The problem is that those cards probably only use 1 lane as well, but if Maban's observation is true, and from what I can see there is no reason to think it isn't, it will still be a step up as the current SATAIII ports you have would be nothing more than overhyped SATAII ports.

Corsair has also said that only the current Intel SATAIII controller can achieve the max performance with their drives.

Here is the spec sheet on the Marvell 91XX controllers: http://www.marvell.com/storage/system-solutions/assets/Marvell-88SE91XX-Host-Controllers.pdf



Mussels said:


> why the hell are you using the marvell controller? use the intel one.
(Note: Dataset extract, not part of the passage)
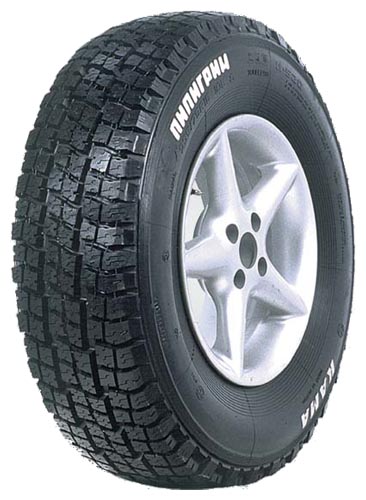 Шины - Нижнекамскшина И-520 235/75 R15 S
Generally only 1155 boards have Intel SATAIII, though there is at least 1 1156 board that claims to use the P67 (B3) with Intel's SATAIII made by ASRock.


----------



## arnoo1 (Jul 17, 2011)

TheOne said:


> The problem is that those cards probably only use 1 lane as well, but if Maban's observation is true, and from what I can see there is no reason to think it isn't, it will still be a step up as the current SATAIII ports you have would be nothing more than overhyped SATAII ports.
> 
> Corsair has also said that only the current Intel SATAIII controller can achieve the max performance with their drives.
> 
> ...



oke thanks

so i can't use it at full speed until i go for sandy bridge/ivy bridge or maybe x79 or get a decent sata 600 raid card, like the LSI SAS 9211-8i (SAS9211-8I/SGL)
link
http://www.lsi.com/products/storagecomponents/Pages/LSISAS9211-8i.aspx
 it's pretty expensive 211.90 euro's


----------



## TheOne (Jul 17, 2011)

arnoo1 said:


> oke thanks
> 
> so i can't use it at full speed until i go for sandy bridge/ivy bridge or maybe x79 or get a decent sata 600 raid card, like the LSI SAS 9211-8i (SAS9211-8I/SGL)
> link
> ...



You could still use a controller card to get higher performance than you are seeing now, as the Marvell controller on your board is supposed to use 1 lane from PCIe 2.0 which would be about 450 to 500MB/s, though write may only be 300MB/s+, at least from what I've seen on the Corsair forums from other Force 3 users using a Marvell controller.  Personally if I could I would return that board and get one that properly uses the Marvell controller.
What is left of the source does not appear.